El ELN y las distintas versiones del conflicto colombiano

Juan Daniel Elorza Saravia
 |  25 de julio de 2016

El 30 de marzo, tras muchos meses de encuentros exploratorios en Venezuela, se anunció finalmente la apertura formal de las negociaciones entre el gobierno colombiano presidido por Juan Manuel Santos y el Ejército de Liberación Nacional (ELN). Subidos a la ola del entusiasmo por la evolución de los acuerdos de La Habana con las Fuerzas Armadas Revolucionarias de Colombia-Ejército del Pueblo (FARC-EP), muchos hacen cábalas sobre la posibilidad de conseguir una mesa de diálogo conjunta en la que se selle la paz total del país.

A pesar de lo idílica que pueda resultar esta imagen de una sola gran mesa de la concordia, hay que tener en cuenta que las FARC-EP y el ELN son grupos guerrilleros sustancialmente distintos tanto por su origen, sus métodos insurgentes, sus relaciones con la sociedad civil y sus formas de financiación. También por su discurso, su organización interna y su forma de liderazgo guerrillero. En suma, se trata de conflictos muy diferentes. Los fallidos diálogos de la década de los noventa con la Coordinadora Nacional Guerrillera Simón Bolívar (la CNGSB agrupaba a los seis grupos insurgentes más importantes del país) mostraron lo difícil que es sentar en una sola mesa visiones diferentes sobre el poder y la revolución, el conflicto y su superación.

 

Otra guerrilla histórica

El gran predicamento mediático internacional del proceso con las FARC-EP y su rótulo como la “guerrilla más antigua del mundo” ha hecho que se pase por alto que el ELN es también una guerrilla histórica, fundada en 1964. Las FARC comenzaron unos años antes como grupos de autodefensa de los campesinos liberales y comunistas contra el gobierno conservador de Laureano Gómez, quienes al ser atacados por el ejército colombiano y bombardeados de la fuerza aérea de Estados Unidos en sus territorios comunitarios se vieron obligados a convertirse en una guerrilla móvil que alcanzó presencia nacional.

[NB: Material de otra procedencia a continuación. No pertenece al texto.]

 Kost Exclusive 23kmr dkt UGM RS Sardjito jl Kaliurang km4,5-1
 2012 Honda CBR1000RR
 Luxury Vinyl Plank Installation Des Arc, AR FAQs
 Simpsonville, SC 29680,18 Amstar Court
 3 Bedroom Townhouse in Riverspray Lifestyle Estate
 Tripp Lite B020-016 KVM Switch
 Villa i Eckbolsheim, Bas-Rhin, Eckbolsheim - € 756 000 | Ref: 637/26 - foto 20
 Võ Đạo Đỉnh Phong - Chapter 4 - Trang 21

En cambio, el ELN nació de la convergencia de dos idearios más bien antagónicos: la Revolución Cubana y la Teología de la Liberación. Sus fundadores fueron un grupo de estudiantes colombianos becados para ir a Cuba, que recibieron formación política y entrenamiento de guerrilla ante la inminencia de un ataque militar estadounidense a la isla a causa de la crisis de los misiles rusos. Estos fundadores volvieron a los campos de Colombia, especialmente a las zonas petrolíferas, dispuestos a contagiar del entusiasmo revolucionario a todos aquellos que quisieran luchar con las armas contra la injusticia social y el imperialismo.

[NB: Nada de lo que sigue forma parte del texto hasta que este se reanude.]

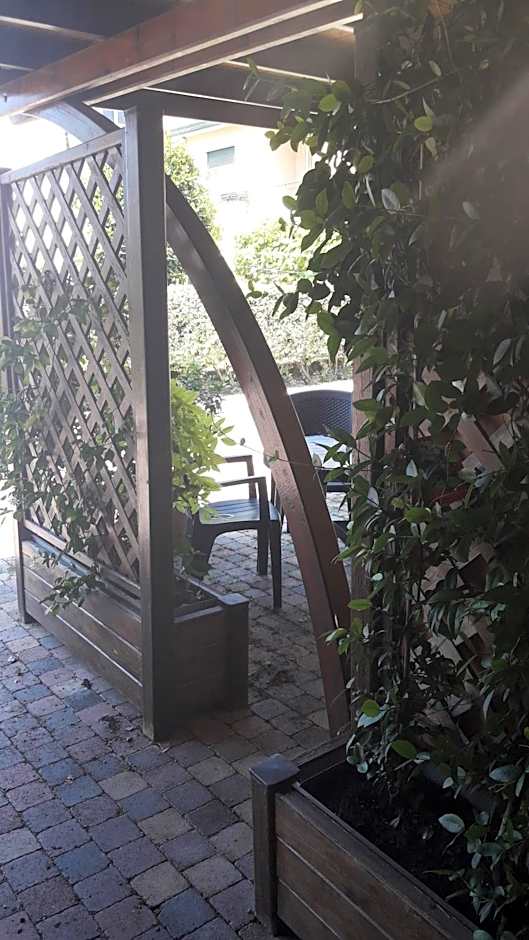 B&B Giardino di Ro
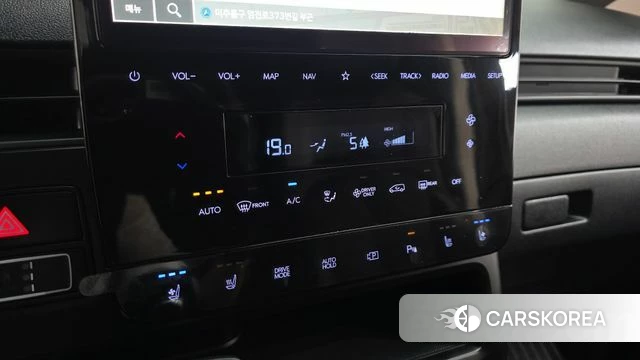 Hyundai Staria id 4505735 из Кореи 19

Este germinal grupo de inspiración castrista-guevarista, con una plataforma bastante amplia, comenzó a ser muy popular entre los jóvenes comunistas y del MRL (Movimiento Revolucionario Liberal), así como entre los líderes de la huelga estudiantil de la Universidad Industrial de Santander. Sus reivindicaciones confluyeron rápidamente con las del movimiento de religiosos católicos de Golconda, cuya interpretación del Concilio Vaticano II imponía a todo buen cristiano la obligación de luchar contra la opresión. Este movimiento ofrecía unir a las izquierdas en un proceso cristiano y mostraba una vía para la acción revolucionaria adecuada a las creencias de la sociedad. La unión entre este ideario y el marxista-leninista se sella cuando el excepcional cura y sociólogo Camilo Torres, en el momento más alto de su popularidad entre los jóvenes colombianos, decide entrar en las filas del ELN en el departamento de Santander, en las que no duró ni medio año, pues cayó abatido en su bautizo de fuego contra el ejército. Es así como el padre Camilo, capellán de la Universidad Nacional, fundador de la Facultad de Sociología, creador del Frente Unido y uno de los líderes más carismáticos de la historia latinoamericana, se convirtió en el principal mártir y símbolo de este grupo guerrillero, que bajo su bandera roja y negra ha hecho presencia en Colombia desde hace ya 50 años.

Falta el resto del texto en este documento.